All Uganda’s past presidents have passed on but we seem to have forgotten them. Ugandans need to take some lessons from the South Africans who have kept Nelson Mandela alive by honouring him and turning some sites into tourism sites.
The road block at which Mandela was arrested to start his 27 years in prison has since become a tourism site.
Former president late Nelson Mandela had been on the run from the South African apartheid government for 17 months, a feat that had earned him the name ‘Black Pimpernel’.
But his luck was about to run out when police waved down an Austin Westminster on 5 August 1962 at a roadblock on the R103 near Howick in KwaZulu-Natal.
At the wheel was Mandela, posing as a chauffeur, with fellow comrade Cecil Williams in the passenger seat.
The two men had just visited Chief Albert Luthuli, then leader of the African National Congress, to report back on Mandela’s trip abroad, where he had received military training in Algeria and had been to London to drum up support for the liberation movement.

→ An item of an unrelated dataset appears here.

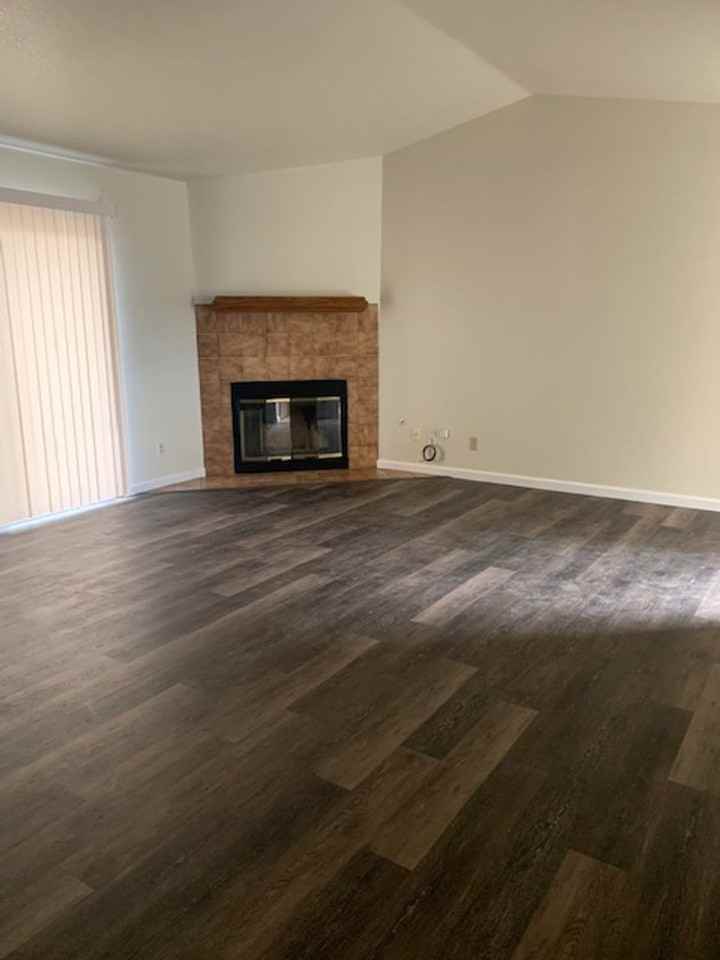 339 339 Acacial St. #D - Photo 2 of 16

Although Mandela insisted he was simply a chauffeur named David Motsamayi, the police were on to him (some say with the help of the CIA), and he was promptly arrested. His capture marked the start of Mandela’s 27-year imprisonment and the journey that he would later call ‘the long walk to freedom’.
Until relatively recently, the Mandela Capture Site was just a small bricked area with a plaque. But on the 50th anniversary of this event in 2012, an impressive steel sculpture and visitor centre was unveiled to give full recognition to the significance of this spot.
Designed by artist Marco Cianfanelli (of Apartheid Museum fame) with the help of architect Jeremy Rose, the sculpture creates something of an optical illusion. From a distance, the 50 steel poles of varying heights simply look like a random collection of poles, but as you approach to within 35m of the sculpture, they merge to form an image of Mandela’s face.
Mandela’s arrest that day was not only the start of a long, dark period in the liberation struggle, but also set Mandela on the path to becoming the world’s most famous political prisoner, and ultimately the first president of a democratic South Africa.